Aluminium zu dämmen lohnt sich
Das Aluthermic System kann überall dort verwendet werden, wo eine nachträgliche Dämmung von thermisch nicht getrennten Aluminium-Hohlkammerprofilen notwendig ist. Das können Fassaden, Fenster, Erker, Wintergärten und alle kombinierten Glas-Alu-Konstruktionen im Fassadenbereich sein. Es gibt nichts Wirtschaftlicheres, sagt Lischka, „als thermisch nicht getrenntes Alu zu dämmen. Weil der U-Wert von Aluminium derart hoch ist und mit der Dämmung ein spürbarer Sprung um mehrere Größenordnungen gemacht wird.“
2010 hat er das Passivhaus Institut Dr. Feist in Darmstadt mit einem Bericht über die „Wärmebrückenberechnung zur Bewertung der Verbesserung der thermischen Eigenschaften eines Fensterrahmens durch gedämmte Aluminium-Vorsatzschalen“ beauftragt. Grundlage war ein thermisch nicht getrennter Fensterrahmen aus Einkammer-Aluminiumprofilen, dessen thermische Eigenschaften durch eine gedämmte Aluminium-Vorsatzschale verbessert werden soll. Der U-Wert des ungedämmten Rahmens beträgt laut Bericht Uf=6,4 W/m²K. Untersucht wurden zwei Sanierungsvarianten mit gedämmten Aluminium-Vorsatzschalen. Bei der Variante mit einer fast vollständigen Überdeckung der äußeren Fensterglas-Dichtung mit Dämmstoff konnte der Rahmen-U-Wert auf Uf=1,7 W/m²K verbessert werden. Diese Ausführung wird bei der Sanierung mit Aluthermic umgesetzt (siehe Profilskizze).

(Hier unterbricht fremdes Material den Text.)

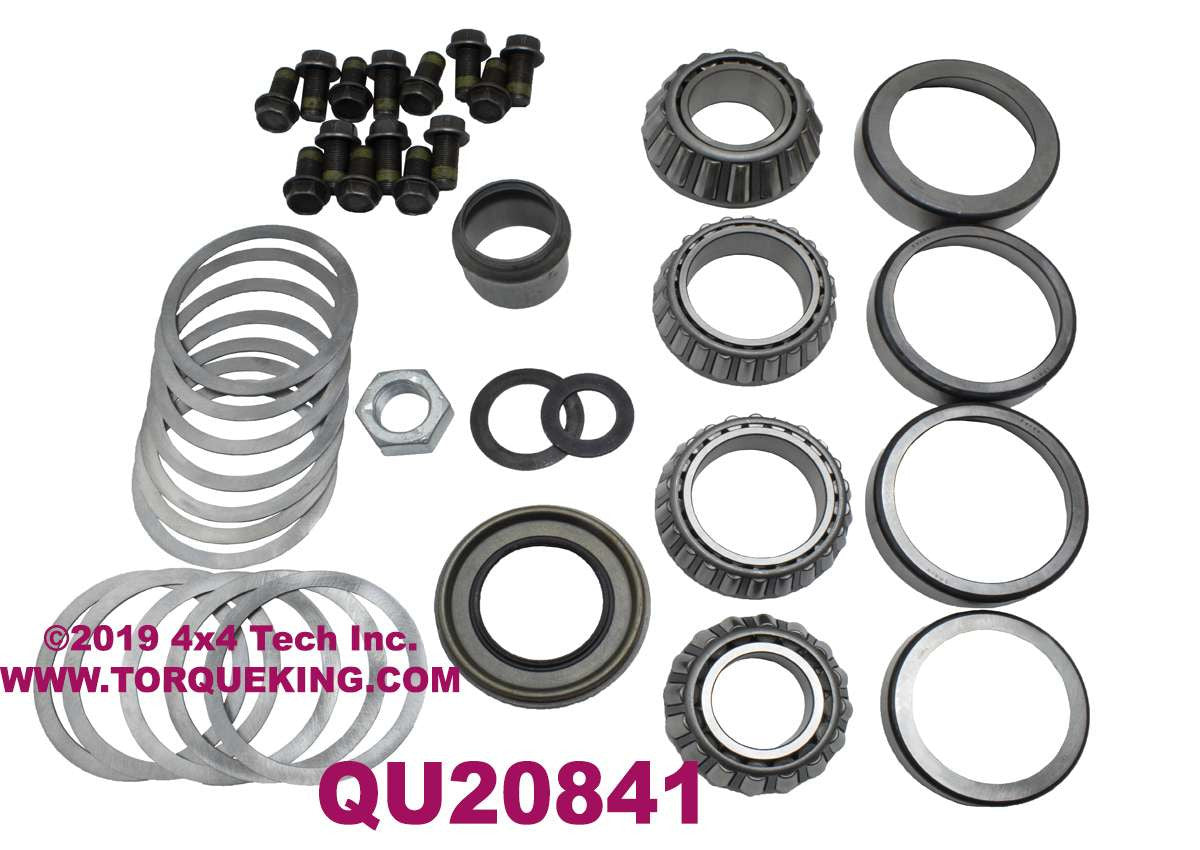 QU20841 M300 Diff Bearing, Seal Kit for DRW Ford SD, F350, F450, F550 Torque King 4x4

Der amerikanische Markt verspricht mehr
Auf die Frage, warum das Aluthermic System trotz der vielen Vorteile und der in etlichen großen und kleineren Projekten nachgewiesenen Praxistauglichkeit noch keine umfassende Marktdurchdringung erfahren hat, antwortet Lischka: „Dafür gibt es mehrere Gründe. In Deutschland haben wir bereits eine sehr hohe Sanierungsrate, sodass ältere nicht thermisch getrennte Aluminiumfassaden kein Kernthema mehr sind. Außerdem ist es für Architekten und Metallbauer einfacher, Altes durch Neues zu ersetzen.“
Götz ergänzt: „Es ist dieser Widerstand der Planer.“ Seiner Meinung nach ist die deutlich niedrigere Auftragssumme bei Verwendung von Aluthermic gegenüber einer neuen Fassade hinderlich. Denn die Honorare von Architekten und Planern richten sich nach dem Auftragsvolumen. Und öffentliche Auftraggeber, die durchaus einen großen Bedarf an energetischen Fassaden- und Fensterrenovierungen haben, äußern bei neuartigen Systemen oftmals Vorbehalte, auch wenn sie deutlich kostengünstiger sind. „Keiner möchte die Verantwortung für etwas Neues übernehmen.“
Tatsache ist, dass Lischka für sein System keine Zertifikate und Kennzeichnungen vorlegen kann. Er verwendet damit ein ungeregeltes Bauprodukt, was bei Reparaturen allerdings möglich ist. Hinderlich für mögliche Prüfungen sind nach seiner Aussage extrem hohe Prüfgebühren und ein völlig übertriebener Bürokratismus in der EU. Aber gerade öffentliche Auftraggeber verlangen Nachweise und Prüfungen zu den eingesetzten Bauprodukten. Einzig die Wärmebrückenberechnung vom Passivhaus Institut Dr. Feist liegt vor.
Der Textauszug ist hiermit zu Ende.